I had not raced in three months. The desire to do it was just not there. We’d been saving money for other things and it didn’t seem worth it. The only races available in South Louisiana after Easter are 5Ks, and I really hate 5Ks.
But I had missed out on doing the Spillway Classic Trail Race last year, and I didn’t want to miss it again. The race fee was about to increase. So I bit the bullet and registered, forking over $25.
Saturday night as I debated skipping the race – what would have been my first DNS – because I really, really didn’t feel like going, it was the non-refundable $25 that made me end up doing it. Not fear that I’d regret skipping, even though I would have. It was not wanting to have wasted money.
So I got up at 6 a.m. on Sunday and eventually made my way to the race site, almost turned around when I saw police directing people to drive over the levee, and then sucked it up and followed everyone. Parked in mud and prayed I wouldn’t get stuck trying to leave.
Picked up my bib and race shirt, which was cute (albeit cotton) female-cut. I really like the color.
I made my way to the start line, listened to people chatter around me, and just kept thinking in my head, “Let’s get this over with, let’s get this over with.”
The emcee kept referring to “the gauntlet” and I was curious to see what that was. I knew the trail would be muddy (and I had worn my least-favorite running shirt and black Nike Tempos and my least favorite old running shoes), but “the gauntlet” sounded intriguing.
Finally, the race started, and I set out at a fast but comfortable pace. I did not wear a Garmin or iPod or anything – au naturel.
The first mile was on the levee, and it sprinkled a little but never full out rained. Eventually we were directed to run down the levee into the woods to our left, and I heard hoops and hollers ahead of me, by people I assumed were entering “the gauntlet.”
This was the gauntlet:
A decent length of muddy water, mostly up to the calves but there were some spots where it went up to the hips, probably, if you stepped in the right place. A girl running next to me at one point almost fell and I instinctively reached over to balance her as she gripped my arm.
After we got through the gauntlet, it was a typical dirt trail, extra muddy at some points but nothing too slippery.
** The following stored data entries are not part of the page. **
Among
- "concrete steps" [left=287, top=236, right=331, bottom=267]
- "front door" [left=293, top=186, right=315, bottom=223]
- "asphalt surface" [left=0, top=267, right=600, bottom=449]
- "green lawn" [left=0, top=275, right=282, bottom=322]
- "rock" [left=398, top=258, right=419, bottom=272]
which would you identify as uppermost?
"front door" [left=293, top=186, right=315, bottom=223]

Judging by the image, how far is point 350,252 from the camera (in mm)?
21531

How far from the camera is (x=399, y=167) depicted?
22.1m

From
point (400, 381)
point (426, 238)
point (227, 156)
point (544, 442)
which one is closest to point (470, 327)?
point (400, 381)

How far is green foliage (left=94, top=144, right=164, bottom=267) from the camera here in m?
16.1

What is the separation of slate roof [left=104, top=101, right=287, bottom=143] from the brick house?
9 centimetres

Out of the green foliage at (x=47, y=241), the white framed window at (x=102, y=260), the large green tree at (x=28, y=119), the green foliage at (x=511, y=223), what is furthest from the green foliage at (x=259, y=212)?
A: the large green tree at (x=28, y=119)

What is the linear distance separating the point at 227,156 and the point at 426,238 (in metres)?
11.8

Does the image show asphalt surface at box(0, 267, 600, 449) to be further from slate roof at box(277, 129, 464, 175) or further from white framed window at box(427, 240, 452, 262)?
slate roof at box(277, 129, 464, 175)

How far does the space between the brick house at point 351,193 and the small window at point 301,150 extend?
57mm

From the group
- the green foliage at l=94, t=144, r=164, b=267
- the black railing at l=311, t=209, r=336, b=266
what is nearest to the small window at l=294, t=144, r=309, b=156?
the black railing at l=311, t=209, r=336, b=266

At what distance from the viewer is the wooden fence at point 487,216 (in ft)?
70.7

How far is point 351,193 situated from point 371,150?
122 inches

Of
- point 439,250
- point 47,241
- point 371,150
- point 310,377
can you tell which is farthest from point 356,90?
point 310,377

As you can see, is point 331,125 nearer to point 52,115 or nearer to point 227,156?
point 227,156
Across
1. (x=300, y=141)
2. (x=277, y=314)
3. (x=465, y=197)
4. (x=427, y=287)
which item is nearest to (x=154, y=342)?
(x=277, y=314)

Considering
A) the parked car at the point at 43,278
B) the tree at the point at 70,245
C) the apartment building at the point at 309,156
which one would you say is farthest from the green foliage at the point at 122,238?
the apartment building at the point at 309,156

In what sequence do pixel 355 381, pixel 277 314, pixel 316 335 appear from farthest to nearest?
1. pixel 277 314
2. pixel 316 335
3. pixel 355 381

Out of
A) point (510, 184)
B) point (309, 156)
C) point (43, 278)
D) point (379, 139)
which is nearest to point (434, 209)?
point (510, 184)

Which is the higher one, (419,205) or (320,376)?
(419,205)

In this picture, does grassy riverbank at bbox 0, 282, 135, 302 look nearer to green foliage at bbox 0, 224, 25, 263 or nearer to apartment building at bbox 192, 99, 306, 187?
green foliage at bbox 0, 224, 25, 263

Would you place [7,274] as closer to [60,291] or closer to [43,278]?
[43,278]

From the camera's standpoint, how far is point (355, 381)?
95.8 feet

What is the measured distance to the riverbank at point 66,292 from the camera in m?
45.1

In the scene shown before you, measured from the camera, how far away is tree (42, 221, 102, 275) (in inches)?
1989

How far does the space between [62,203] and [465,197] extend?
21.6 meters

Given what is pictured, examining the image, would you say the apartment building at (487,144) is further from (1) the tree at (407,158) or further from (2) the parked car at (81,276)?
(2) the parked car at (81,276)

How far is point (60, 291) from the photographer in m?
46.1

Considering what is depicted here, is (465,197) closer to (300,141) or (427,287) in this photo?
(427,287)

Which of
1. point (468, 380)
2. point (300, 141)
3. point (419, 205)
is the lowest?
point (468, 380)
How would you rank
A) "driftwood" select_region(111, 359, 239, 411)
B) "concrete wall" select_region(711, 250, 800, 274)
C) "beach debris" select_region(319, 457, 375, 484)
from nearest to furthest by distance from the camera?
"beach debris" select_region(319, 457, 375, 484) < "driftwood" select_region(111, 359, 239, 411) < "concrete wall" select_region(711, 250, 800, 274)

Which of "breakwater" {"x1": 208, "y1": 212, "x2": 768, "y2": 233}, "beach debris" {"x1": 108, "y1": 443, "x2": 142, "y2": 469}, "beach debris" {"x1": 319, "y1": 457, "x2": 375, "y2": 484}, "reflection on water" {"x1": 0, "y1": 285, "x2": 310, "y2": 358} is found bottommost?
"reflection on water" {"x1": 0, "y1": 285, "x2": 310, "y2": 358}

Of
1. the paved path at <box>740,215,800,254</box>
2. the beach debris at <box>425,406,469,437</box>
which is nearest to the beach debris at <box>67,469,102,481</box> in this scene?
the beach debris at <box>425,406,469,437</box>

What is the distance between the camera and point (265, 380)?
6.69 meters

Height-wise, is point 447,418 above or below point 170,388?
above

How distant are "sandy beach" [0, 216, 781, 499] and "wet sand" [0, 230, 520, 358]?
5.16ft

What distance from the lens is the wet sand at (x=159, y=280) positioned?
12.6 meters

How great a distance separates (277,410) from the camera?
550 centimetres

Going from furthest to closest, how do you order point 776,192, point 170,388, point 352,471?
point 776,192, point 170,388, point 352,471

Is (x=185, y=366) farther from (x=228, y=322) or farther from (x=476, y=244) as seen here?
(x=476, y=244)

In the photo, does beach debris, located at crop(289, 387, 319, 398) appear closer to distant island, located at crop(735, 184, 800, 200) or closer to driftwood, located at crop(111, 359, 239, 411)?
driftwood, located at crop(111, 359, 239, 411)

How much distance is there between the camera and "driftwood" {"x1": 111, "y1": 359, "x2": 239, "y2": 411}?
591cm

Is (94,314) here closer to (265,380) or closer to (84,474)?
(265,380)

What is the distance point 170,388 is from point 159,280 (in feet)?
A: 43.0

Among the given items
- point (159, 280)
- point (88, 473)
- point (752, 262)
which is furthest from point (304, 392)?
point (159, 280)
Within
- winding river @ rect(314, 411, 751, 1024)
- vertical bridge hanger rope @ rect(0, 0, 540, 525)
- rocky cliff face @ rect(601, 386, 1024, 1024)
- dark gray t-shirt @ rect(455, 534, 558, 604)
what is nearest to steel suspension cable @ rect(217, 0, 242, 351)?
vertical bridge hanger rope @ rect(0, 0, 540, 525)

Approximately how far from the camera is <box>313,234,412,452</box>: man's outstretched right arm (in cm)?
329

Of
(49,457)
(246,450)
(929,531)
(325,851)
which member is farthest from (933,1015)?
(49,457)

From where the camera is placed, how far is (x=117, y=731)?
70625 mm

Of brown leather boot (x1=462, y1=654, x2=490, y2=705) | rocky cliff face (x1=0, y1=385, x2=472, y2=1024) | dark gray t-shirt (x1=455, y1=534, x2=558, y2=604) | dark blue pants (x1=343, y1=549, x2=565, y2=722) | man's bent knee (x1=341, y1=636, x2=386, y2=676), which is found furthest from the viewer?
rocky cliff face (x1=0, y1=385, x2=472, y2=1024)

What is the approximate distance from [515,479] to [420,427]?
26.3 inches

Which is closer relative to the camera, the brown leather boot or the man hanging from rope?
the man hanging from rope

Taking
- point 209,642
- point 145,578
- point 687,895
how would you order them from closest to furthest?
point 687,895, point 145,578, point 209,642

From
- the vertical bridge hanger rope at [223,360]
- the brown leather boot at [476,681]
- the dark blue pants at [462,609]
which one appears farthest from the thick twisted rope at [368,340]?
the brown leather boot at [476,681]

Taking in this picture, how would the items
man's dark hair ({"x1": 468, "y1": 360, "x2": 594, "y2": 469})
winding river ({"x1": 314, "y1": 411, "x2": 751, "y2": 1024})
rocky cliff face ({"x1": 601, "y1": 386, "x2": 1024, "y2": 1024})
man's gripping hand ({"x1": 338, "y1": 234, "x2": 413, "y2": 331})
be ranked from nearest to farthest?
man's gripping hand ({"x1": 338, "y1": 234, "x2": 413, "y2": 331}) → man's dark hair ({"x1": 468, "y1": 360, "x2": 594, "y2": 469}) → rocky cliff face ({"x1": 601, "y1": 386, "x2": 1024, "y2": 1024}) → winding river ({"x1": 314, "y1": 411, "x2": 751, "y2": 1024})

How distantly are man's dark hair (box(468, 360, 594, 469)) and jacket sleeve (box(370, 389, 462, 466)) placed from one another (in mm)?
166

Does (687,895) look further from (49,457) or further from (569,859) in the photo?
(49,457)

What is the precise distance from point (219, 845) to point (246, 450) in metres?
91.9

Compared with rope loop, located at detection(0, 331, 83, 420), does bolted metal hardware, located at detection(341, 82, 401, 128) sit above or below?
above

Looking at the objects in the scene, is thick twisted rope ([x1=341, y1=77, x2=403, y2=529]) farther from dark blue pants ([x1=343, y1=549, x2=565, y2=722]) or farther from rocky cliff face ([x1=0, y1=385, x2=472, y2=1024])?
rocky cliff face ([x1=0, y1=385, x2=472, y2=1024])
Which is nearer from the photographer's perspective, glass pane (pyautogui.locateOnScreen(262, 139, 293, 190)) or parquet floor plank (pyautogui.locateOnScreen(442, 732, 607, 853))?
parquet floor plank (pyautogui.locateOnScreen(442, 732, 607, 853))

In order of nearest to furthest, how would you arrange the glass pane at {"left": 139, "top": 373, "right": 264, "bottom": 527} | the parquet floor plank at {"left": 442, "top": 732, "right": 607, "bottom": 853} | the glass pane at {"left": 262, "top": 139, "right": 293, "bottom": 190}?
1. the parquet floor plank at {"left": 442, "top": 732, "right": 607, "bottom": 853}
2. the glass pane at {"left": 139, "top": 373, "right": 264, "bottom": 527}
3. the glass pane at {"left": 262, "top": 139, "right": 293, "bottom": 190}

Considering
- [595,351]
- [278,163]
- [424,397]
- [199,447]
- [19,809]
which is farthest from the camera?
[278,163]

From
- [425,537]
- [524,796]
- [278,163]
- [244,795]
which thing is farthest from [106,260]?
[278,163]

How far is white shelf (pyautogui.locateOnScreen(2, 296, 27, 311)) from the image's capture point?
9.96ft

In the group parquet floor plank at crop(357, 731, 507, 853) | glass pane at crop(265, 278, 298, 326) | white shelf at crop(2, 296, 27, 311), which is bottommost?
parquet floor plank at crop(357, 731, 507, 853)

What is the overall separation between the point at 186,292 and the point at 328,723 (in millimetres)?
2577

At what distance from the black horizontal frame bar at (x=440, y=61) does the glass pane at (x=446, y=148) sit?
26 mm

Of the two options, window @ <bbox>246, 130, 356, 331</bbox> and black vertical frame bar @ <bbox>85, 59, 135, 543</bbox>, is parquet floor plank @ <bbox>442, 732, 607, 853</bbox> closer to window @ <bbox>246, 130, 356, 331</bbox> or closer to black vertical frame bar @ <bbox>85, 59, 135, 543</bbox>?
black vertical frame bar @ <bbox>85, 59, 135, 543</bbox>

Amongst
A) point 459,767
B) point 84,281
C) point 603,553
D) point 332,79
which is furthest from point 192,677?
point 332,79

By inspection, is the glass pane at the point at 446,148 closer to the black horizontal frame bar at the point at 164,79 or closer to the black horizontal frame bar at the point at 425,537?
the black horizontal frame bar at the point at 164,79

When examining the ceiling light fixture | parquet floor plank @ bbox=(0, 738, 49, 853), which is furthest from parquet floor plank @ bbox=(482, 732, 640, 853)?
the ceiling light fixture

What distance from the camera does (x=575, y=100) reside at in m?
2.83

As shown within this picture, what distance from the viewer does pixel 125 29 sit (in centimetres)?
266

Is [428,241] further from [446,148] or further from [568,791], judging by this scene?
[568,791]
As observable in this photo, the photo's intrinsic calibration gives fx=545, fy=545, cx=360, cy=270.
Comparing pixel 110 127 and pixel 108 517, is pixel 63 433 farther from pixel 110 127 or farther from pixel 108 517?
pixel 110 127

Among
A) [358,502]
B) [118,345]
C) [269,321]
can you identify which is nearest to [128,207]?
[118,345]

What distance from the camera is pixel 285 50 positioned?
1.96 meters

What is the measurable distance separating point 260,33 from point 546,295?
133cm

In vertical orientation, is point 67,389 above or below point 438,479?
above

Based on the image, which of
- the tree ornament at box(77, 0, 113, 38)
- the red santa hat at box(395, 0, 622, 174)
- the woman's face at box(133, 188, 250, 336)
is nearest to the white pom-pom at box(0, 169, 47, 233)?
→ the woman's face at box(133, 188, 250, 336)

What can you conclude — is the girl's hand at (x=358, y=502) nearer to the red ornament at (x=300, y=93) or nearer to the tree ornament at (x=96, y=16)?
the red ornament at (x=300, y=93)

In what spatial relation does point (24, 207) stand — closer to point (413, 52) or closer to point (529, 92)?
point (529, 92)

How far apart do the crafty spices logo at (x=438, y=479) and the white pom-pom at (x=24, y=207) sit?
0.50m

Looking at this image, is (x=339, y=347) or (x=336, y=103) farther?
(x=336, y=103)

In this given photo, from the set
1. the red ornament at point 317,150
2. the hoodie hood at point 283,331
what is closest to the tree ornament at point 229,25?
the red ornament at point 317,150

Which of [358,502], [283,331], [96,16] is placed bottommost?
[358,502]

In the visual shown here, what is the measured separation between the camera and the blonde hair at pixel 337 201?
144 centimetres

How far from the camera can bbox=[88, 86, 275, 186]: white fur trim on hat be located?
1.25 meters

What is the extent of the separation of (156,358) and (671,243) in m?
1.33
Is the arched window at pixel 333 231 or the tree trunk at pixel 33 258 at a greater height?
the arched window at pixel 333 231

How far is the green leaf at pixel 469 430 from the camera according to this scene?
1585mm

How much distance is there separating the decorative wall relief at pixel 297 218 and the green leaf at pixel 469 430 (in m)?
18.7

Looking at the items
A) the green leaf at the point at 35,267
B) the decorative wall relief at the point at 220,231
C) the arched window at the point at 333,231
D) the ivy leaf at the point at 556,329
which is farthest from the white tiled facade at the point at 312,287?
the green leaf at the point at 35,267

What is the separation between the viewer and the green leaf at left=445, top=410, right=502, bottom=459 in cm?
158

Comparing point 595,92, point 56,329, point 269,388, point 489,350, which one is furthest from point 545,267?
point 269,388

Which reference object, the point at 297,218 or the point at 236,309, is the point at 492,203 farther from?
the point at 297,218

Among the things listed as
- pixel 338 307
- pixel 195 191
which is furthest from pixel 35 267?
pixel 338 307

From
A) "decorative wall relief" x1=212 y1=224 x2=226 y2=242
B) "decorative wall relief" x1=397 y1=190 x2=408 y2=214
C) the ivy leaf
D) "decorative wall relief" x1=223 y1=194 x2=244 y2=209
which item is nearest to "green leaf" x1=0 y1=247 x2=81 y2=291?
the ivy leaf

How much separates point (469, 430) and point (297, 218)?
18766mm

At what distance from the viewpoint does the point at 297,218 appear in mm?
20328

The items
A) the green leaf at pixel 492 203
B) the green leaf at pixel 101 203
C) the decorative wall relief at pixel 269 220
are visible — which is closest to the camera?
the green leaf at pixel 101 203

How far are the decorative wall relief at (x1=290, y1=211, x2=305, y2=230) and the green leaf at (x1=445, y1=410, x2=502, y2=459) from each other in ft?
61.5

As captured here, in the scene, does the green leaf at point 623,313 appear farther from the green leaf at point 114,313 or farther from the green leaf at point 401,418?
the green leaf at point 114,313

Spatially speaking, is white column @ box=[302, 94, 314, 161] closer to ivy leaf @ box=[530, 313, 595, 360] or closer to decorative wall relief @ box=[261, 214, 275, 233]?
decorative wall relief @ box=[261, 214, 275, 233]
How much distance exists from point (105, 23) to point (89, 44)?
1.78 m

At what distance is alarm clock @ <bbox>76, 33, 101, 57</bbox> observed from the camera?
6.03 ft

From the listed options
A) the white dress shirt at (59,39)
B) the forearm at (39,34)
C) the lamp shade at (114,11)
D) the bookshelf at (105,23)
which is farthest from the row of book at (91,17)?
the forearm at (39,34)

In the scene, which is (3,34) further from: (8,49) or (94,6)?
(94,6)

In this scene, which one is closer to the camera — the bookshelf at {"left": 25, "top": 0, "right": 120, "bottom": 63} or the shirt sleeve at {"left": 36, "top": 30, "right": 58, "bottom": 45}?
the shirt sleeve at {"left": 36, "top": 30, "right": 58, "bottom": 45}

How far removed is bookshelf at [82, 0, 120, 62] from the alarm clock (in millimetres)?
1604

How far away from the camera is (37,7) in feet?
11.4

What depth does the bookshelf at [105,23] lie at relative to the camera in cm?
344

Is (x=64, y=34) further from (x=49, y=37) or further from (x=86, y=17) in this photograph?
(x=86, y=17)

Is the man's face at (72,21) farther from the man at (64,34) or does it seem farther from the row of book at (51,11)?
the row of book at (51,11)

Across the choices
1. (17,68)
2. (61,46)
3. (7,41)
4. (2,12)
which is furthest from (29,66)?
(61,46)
My biggest worry had been that I would slip and fall – I saw lots of people wearing duct tape wrapped around their shoelaces – I assumed this was to keep water out of their shoes as best as possible, but I didn’t see how it would be very effective, and I was worried the tape at the bottom of my shoes would lessen their grip on the ground so I passed on the tape.
On the trail you had to run pretty much single file for the most part – I did pass a few people running, and passed several people who had stopped to walk. The 3 miles went by fast because of the changes in the course and also because on the trail you have to pay attention to every step so you don’t fall – so that leaves less time to zone out or start wondering how far you’ve gone or how much is left.
Sprinted to the finish and came in at 29:09 – obviously not my best 5K time, but my best TRAIL 5K time (Since it’s my only trail 5K time 🙂
46th woman out of 380+ so not that shabby.
At the end, I was glad I didn’t skip out, and I always knew I’d be glad I went once it was over. It’s just getting through the “before” and not psyching yourself out that you have to overcome.